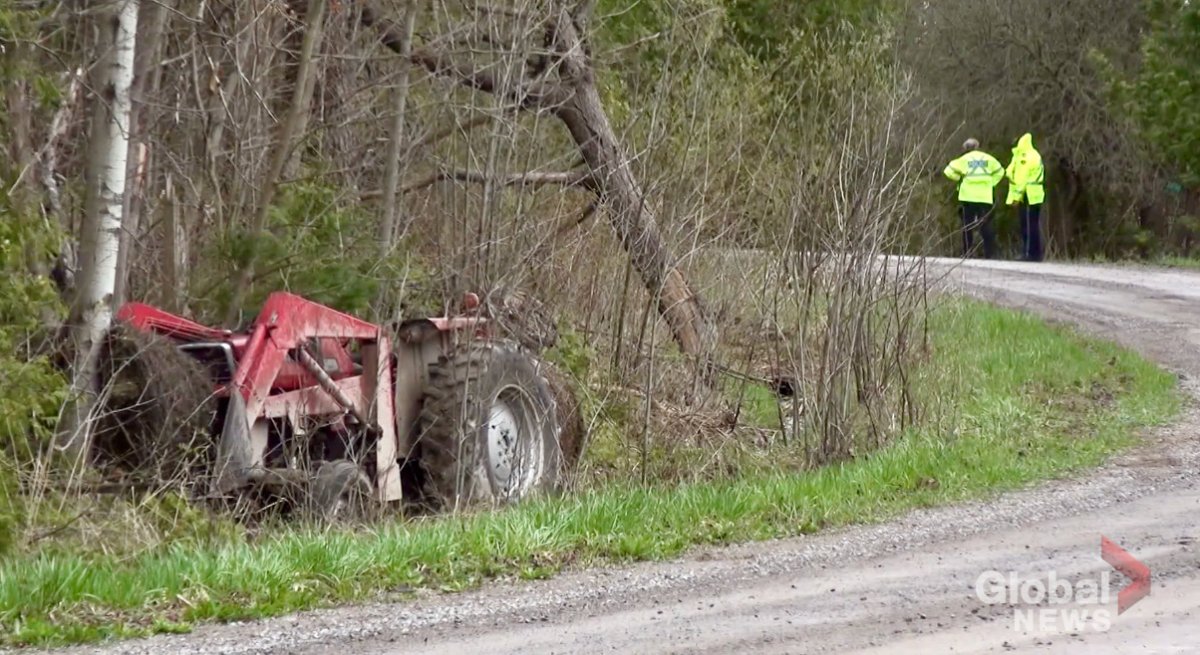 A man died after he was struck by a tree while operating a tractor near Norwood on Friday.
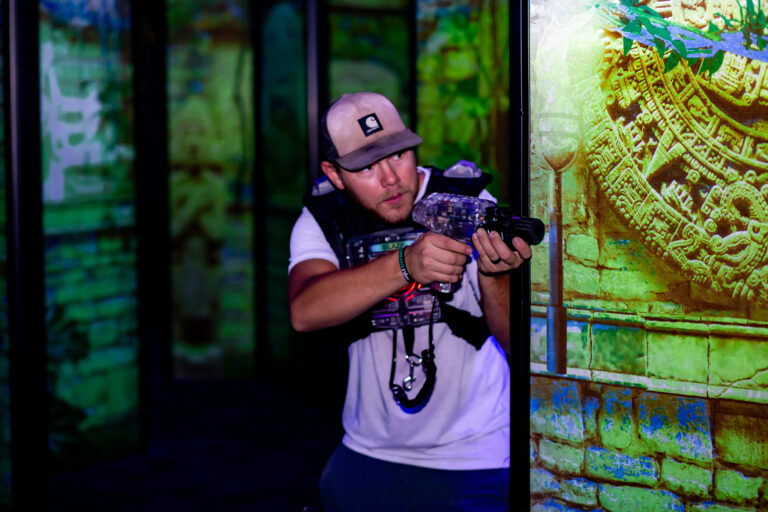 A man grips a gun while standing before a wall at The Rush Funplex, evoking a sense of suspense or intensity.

==

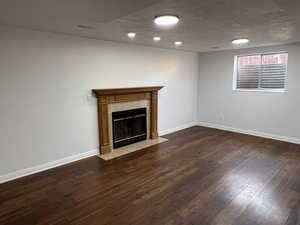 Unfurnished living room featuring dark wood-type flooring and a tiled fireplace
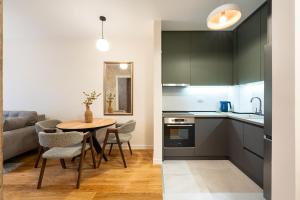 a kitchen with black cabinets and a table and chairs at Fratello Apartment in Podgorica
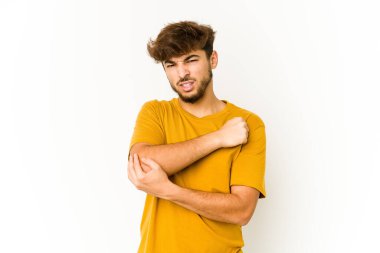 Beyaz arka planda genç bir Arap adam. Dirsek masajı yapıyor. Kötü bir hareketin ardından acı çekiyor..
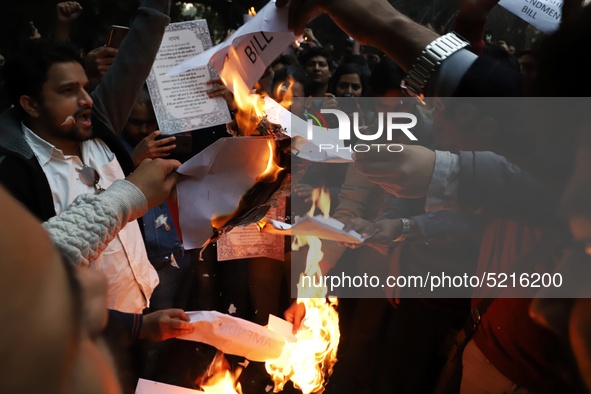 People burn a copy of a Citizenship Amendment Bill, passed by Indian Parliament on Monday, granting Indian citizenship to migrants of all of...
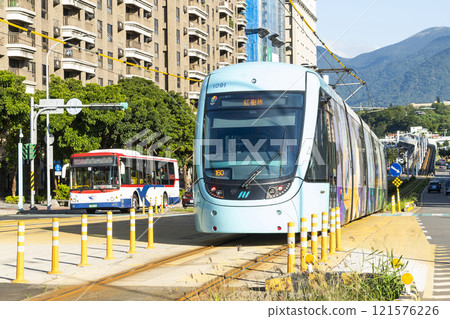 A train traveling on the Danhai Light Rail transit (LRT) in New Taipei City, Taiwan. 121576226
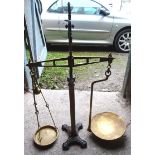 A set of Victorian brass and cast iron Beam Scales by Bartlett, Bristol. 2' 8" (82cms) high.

---

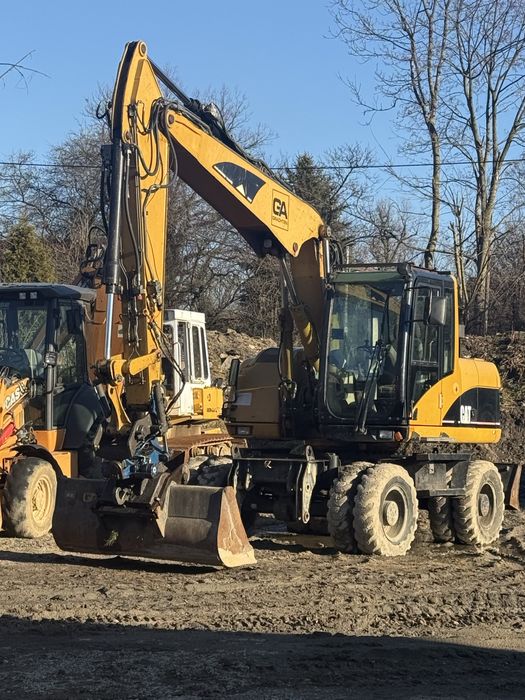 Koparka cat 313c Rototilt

_Task directions_
From the records above, extract the lines from the one holding "A man died after" through the one holding "A man grips", word for word; omit the pictures.

_The completed task_
 A man died after he was struck by a tree while operating a tractor near Norwood on Friday.
 A man grips a gun while standing before a wall at The Rush Funplex, evoking a sense of suspense or intensity.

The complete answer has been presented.